Our joint integration simplifies operations and eliminates data and application silos with consistent processes and tooling while offering intrinsic security for both data-at-rest and in-flight software-based encryption that meets strict U.S. federal government standards. DataStax and VMware’s hyperconverged infrastructure (HCI) combined with support for on-premises and VMware Cloud enable organizations to manage both traditional and cloud-native applications with the same interface delivering vast efficiency gains and consolidation benefits, greater consolidation ratios, a single management toolset, and automated lifecycle management, to name a few.
An Ideal platform for cloud-native applications
- Predictable and performant infrastructure: Cloud-native apps tend to scale linearly, and HCI’s ability to add both compute and storage resources incrementally more precisely matches resources to needs as the application expands.

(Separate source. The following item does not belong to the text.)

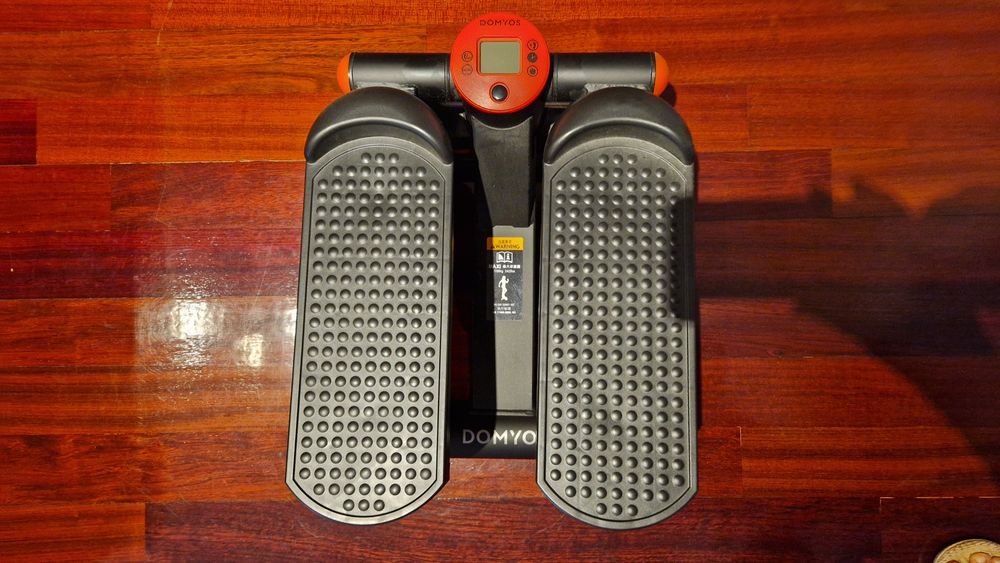 Mini Step Domyos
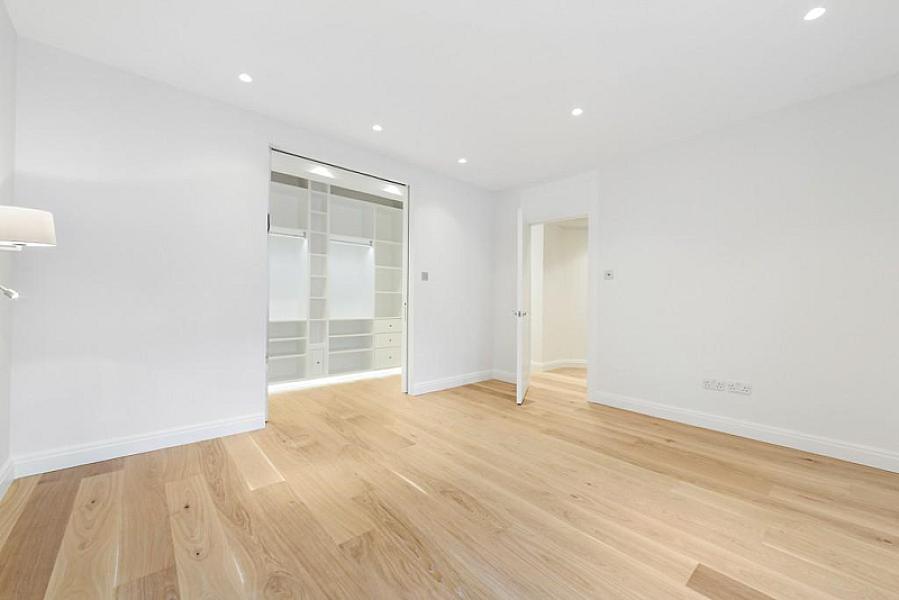 Kings Court South, Chelsea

- Unified Management: HCI provide an ideal platform to manage compute and storage resources for virtual machines as well as containers. VMware HCI uses the same tools to manage cloud-native apps that system admins use to manage their VM environments today.
- Lower-cost, high-performance infrastructure: On the CAPEX side, customers have reported savings up to 75% versus traditional three-tier, all-flash arrays with fiber channel networking. On the OPEX side, hyperconverged infrastructure simplifies operations by prolific use of automation studies have shown the management OPEX is up to 58% lower with HCI versus traditional all-flash arrays.
Agility through Storage Policy Based Management (SPBM)
VMware vSAN™ was built around the idea of assigning storage-related settings on a per-VM basis, or even per-virtual disk basis. Administrators can be prescriptive to the specific application needs, based on its role in the data center. They can easily increase the level of failures to tolerate on VM OS disk and log disk, while applying policies for data disks running DataStax Enterprise (DSE), which allows for a level of control that is not possible with other approaches. Administrators can assign key availability and performance capabilities via policy. For instance, the Failures to Tolerate (FTT) capability addresses the key customer and design requirement of availability. With FTT, availability is provided by maintaining replica copies of data to mitigate the risk of a host failure resulting in lost connectivity to data or potential data loss. The FTT policy works in conjunction with VMware vSphere® High Availability (HA) to maintain availability.
Copies of Data on vSAN
DSE uses racks so that no replica is stored redundantly inside a rack, ensuring replicas are spread throughout different racks in case one rack went down.
We leverage rack-aware snitch to ensure that multiple replicas are not stored on DSE nodes of the same VMware ESXi™ host. With the rack name in the cassandra-rackdc.properties file aligned to a physical chassis name, replicas will split across chassis for a given token.
DSE Rack Awareness
DSE uses racks so that no replica is stored redundantly inside a rack, ensuring replicas are spread throughout different racks in case one rack goes down.
We leverage rack-aware snitch to ensure that multiple replicas are not stored on DSE nodes of the same ESXi host. With the rack name in the cassandra-rackdc.properties file aligned to a physical chassis name, replicas will split across chassis for a given token.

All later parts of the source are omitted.